Christos CHRYSSOPOULOS « Athènes-Disjonction »

On pourrait ici s’attendre à parcourir un petit guide de voyage de la capitale grecque, il n’en est rien. L’auteur de ce bouquin s’est baladé durant trois années dans les rues d’Athènes, il en a tiré des photographies de tous ordres, et c’est par le prisme de ces instantanés qu’il va nous entretenir sur le Athènes d’aujourd’hui, en tout cas du XXIe siècle.

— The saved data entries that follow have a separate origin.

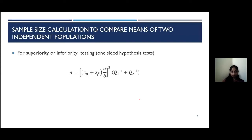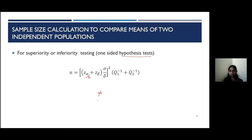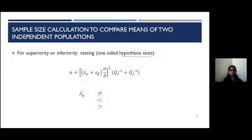Regarding hypothesis direction: if your alternative has a 'not equal' sign, the formula uses Z_{alpha/2}. But if your alternative has a greater-than or less-than sign, it becomes a one-sided test, and instead of alpha over two, you use alpha. It's a subtle change, but it contributes to the correct calculation of the sample size.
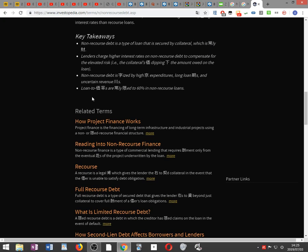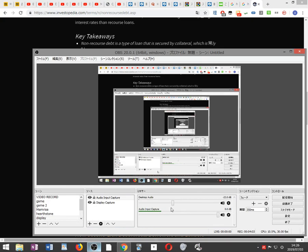Key takeaways: Non-recourse debt is a type of loan that is secured by collateral, which is usually property. Lenders charge higher interest rates on non-recourse debt to compensate for the elevated risk, i.e., the collateral's price dipping below the amount owed on the loan. Non-recourse debt is characterized by high capital expenditures, long loan periods, and uncertain revenue streams. Loan-to-value ratios are usually limited to 60% in non-recourse loans.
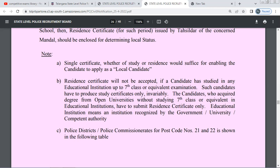Just accept that you are submitting a resident certificate. A resident certificate will not be accepted if a candidate has studied in any educational institution up to the 7th class outside the state. If you submit your study certificate for the 7th year of schooling, you can submit your student certificate accordingly.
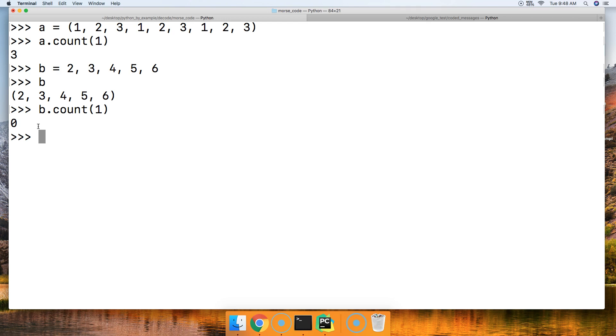So that's how we use the count method on the tuple in Python. If you have any questions, please let us know over at mastercode.online or down below in the comments.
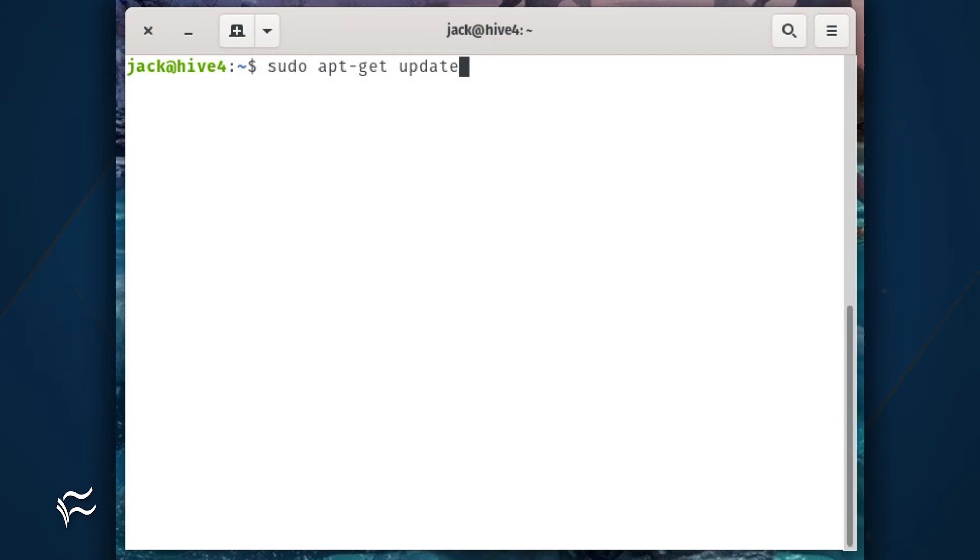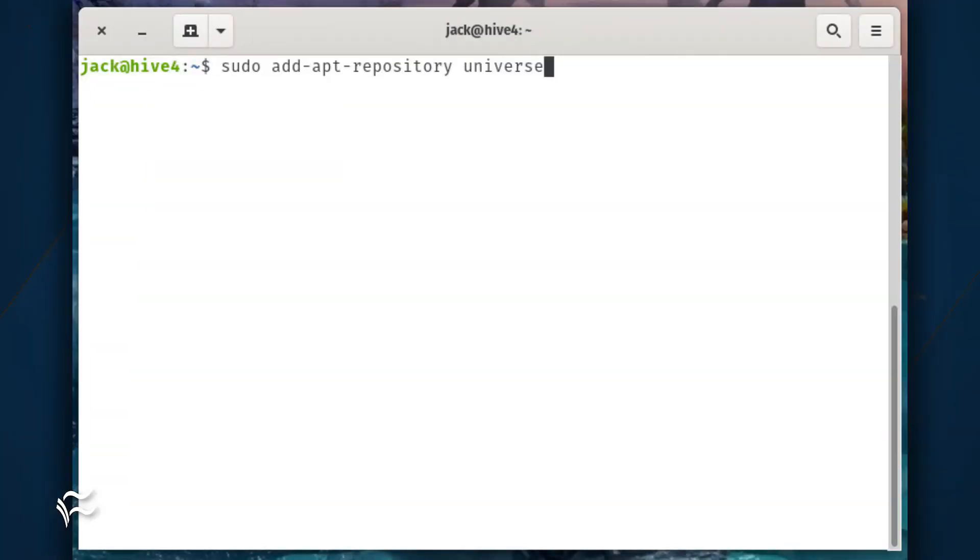Next, update apt with the command sudo apt-get update. You must also enable the universe repository with the command sudo add-apt-repository universe.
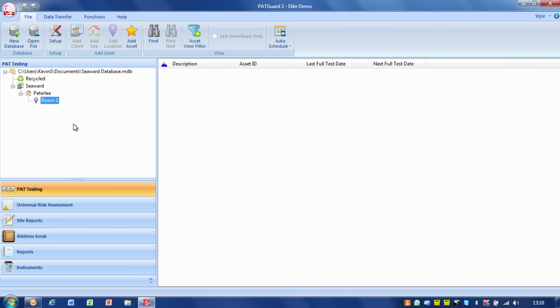So, now, we're going to move on, and we're going to have a look at actually doing a download.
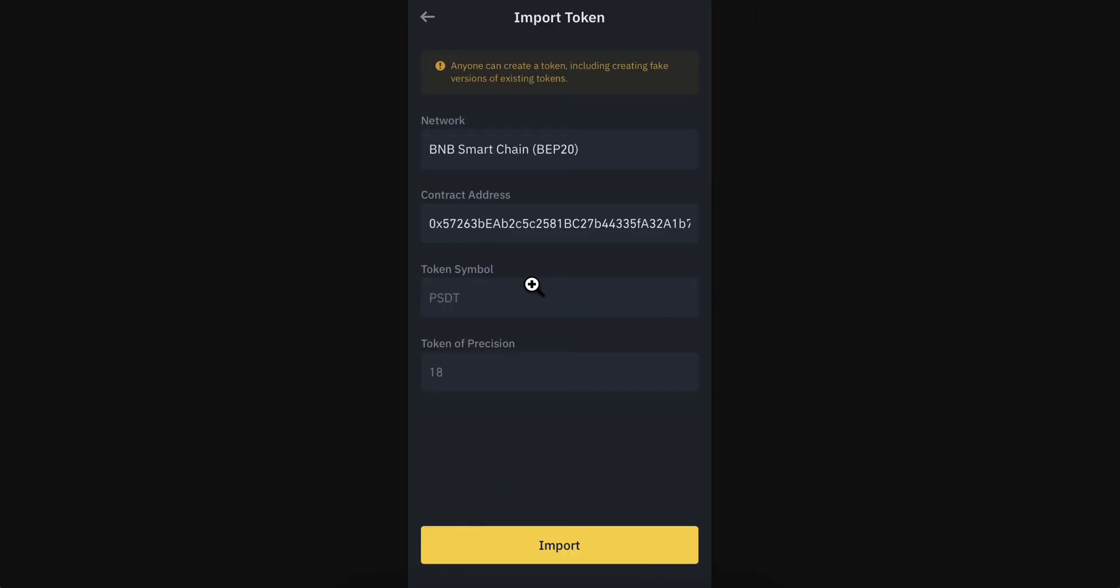Now enter your token details. You'll need to choose the network, contract address, token symbol, and token of precision, then click on Import.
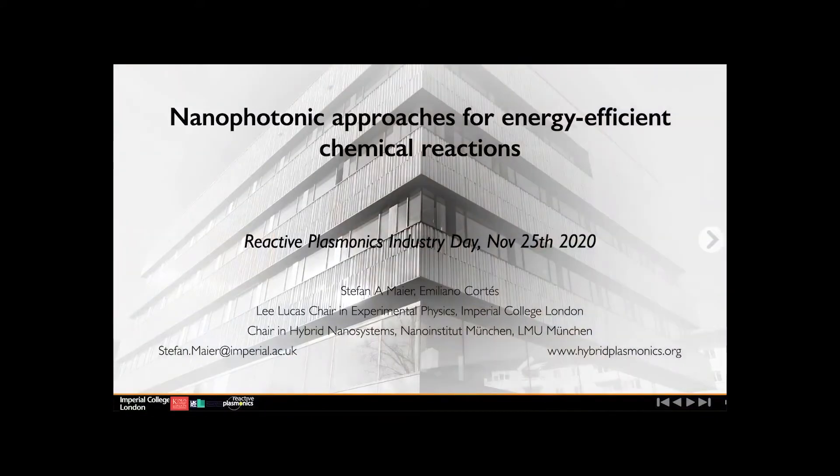Welcome to the catalysis part of the R-plus industry day. I want to give you a brief flavor about the opportunities that plasmonics and nanophotonics approaches have in order to make chemical reactions more efficient.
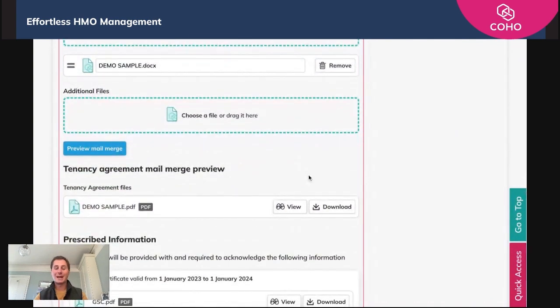But for now, that is uploading and storing ASTs within Coho. We hope you love it and we hope you take real benefit from it. As always, if there are any questions the whole team are here to help. Take care and speak soon.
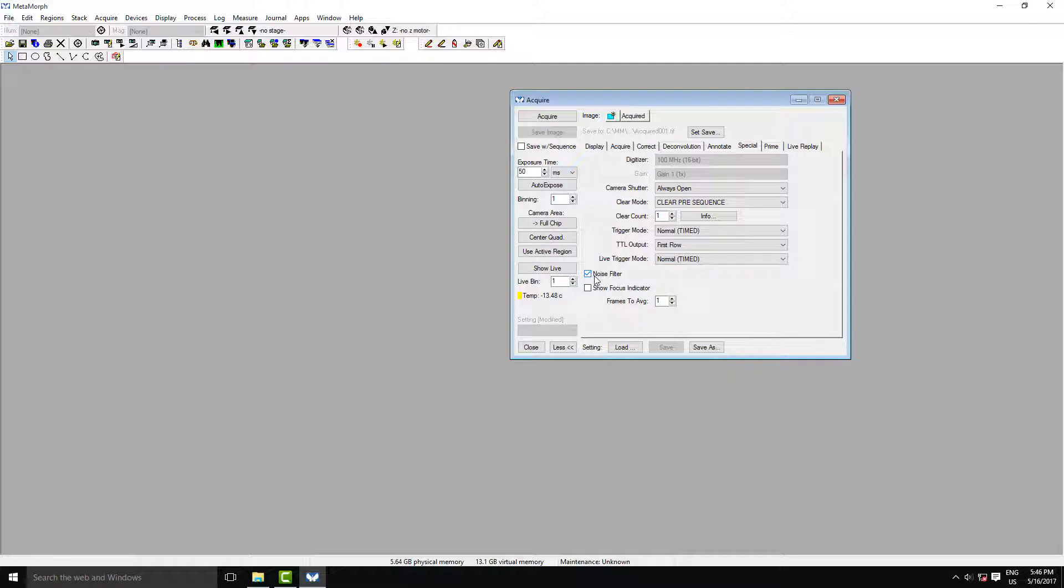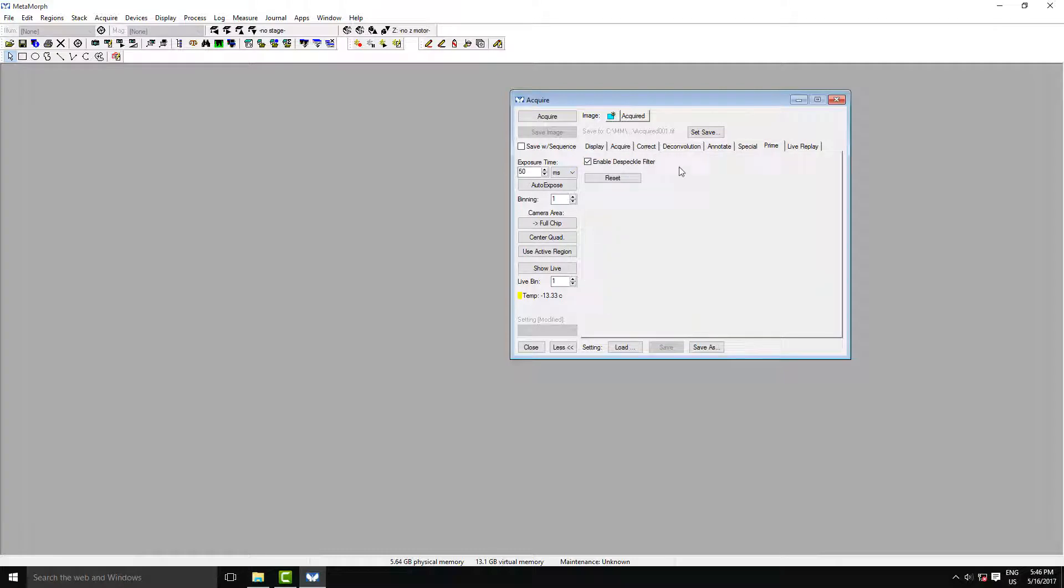When you first load up the camera, go to the Special tab and deactivate Noise Filter. The final setting is you just need to make sure that in the Prime tab, Enable Despeckle Filter is checked. This helps deal with any particularly high or low pixels that might skew your histogram.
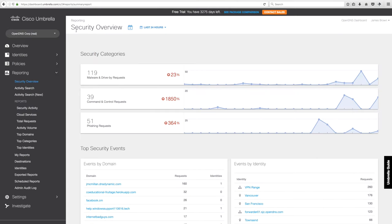The best part is it's super simple to set up. You don't believe me? Let's check it out. For those who don't know, this is the Umbrella dashboard. To set your ISRs up, first click on Identities,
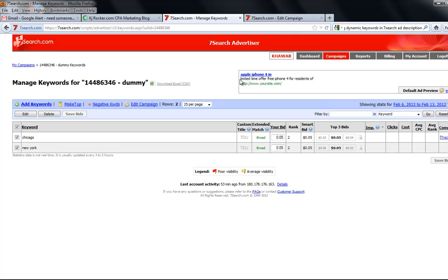Adding dynamic variables, keywords, in your description and title of your ad copy. For example, over here I have already written: title is Apple iPhone 4 in a limited time offer for free. For free iPhone, limited time offer, free iPhone 4 for residents.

Une grosse trentaine de photos, des petits bouts de quartiers de la ville, mais avant tout des photos qui évoquent l’atmosphère de la ville, son âme, eût-elle été vendue au diable ou à l’un de ses représentants. Ce que l’on voit n’est pas toujours un simple cliché couleur, mais bien une courte tranche de vie d’Athènes, un grain de sable de son passé, et pourquoi pas de son avenir. L’auteur tend à faire comprendre qu’Athènes est une ville unique à l’univers singulier, comme décalée voire absurde : des chaises ou fauteuils trônant en pleine rue et parfois attachés comme un deux-roues, pour qui pour quoi ? Des morceaux de ville installés sur le bitume, que ce soit des chicanes brandissant fièrement des morceaux de bâtons, des colonnes ioniques (en fait d’immenses cendriers), des touffes d’herbe mangeant le béton, l’accouplement improbable d’un bout de poubelle et d’un demi lampadaire (peut-être la photo la plus absurde), un plot en béton enfilant comme sexuellement un cône de chantier, des branches de palmiers sorties de terre au centre d’une rue goudronnée. Je n’omets pas ce mannequin plastique grandeur nature habillé de sacs poubelles, ni ce no man’s land de détritus et carcasses au pied d’immeubles, ni ce globe bleu scintillant en plein centre d’une façade, sorte de boule à facette grotesque.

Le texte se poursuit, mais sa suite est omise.